**Data excerpt:**
# # # #

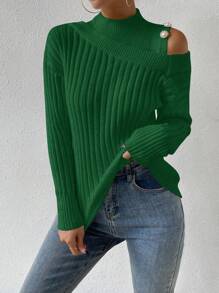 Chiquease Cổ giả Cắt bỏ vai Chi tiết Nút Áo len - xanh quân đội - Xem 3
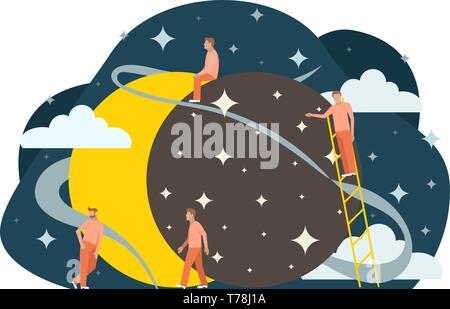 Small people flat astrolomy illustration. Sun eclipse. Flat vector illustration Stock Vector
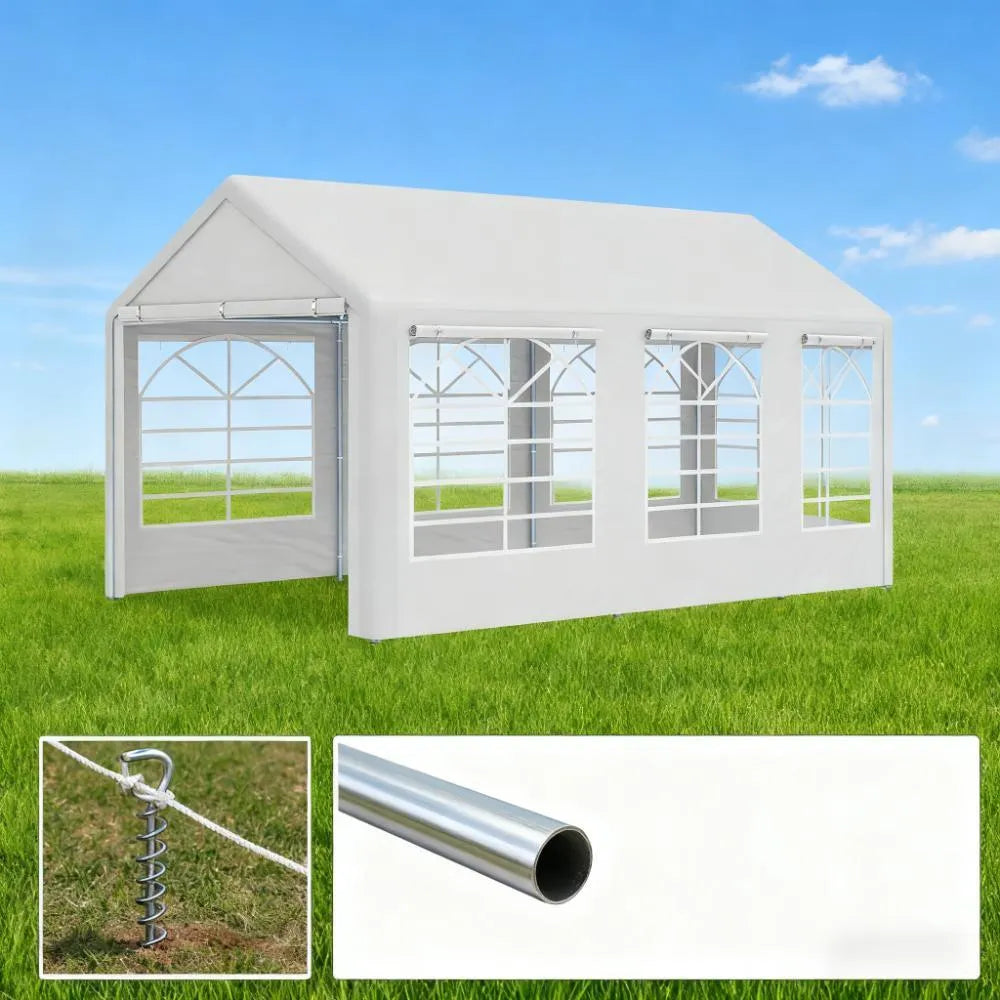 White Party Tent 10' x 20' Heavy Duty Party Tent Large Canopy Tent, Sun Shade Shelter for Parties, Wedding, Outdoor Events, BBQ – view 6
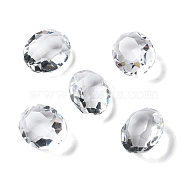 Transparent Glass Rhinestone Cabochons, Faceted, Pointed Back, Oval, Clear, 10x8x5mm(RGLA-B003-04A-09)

# # # #

Write every line of the data out again exactly, leaving out all images.

**Answer section:**
 Chiquease Cổ giả Cắt bỏ vai Chi tiết Nút Áo len - xanh quân đội - Xem 3
 Small people flat astrolomy illustration. Sun eclipse. Flat vector illustration Stock Vector
 White Party Tent 10' x 20' Heavy Duty Party Tent Large Canopy Tent, Sun Shade Shelter for Parties, Wedding, Outdoor Events, BBQ – view 6
 Transparent Glass Rhinestone Cabochons, Faceted, Pointed Back, Oval, Clear, 10x8x5mm(RGLA-B003-04A-09)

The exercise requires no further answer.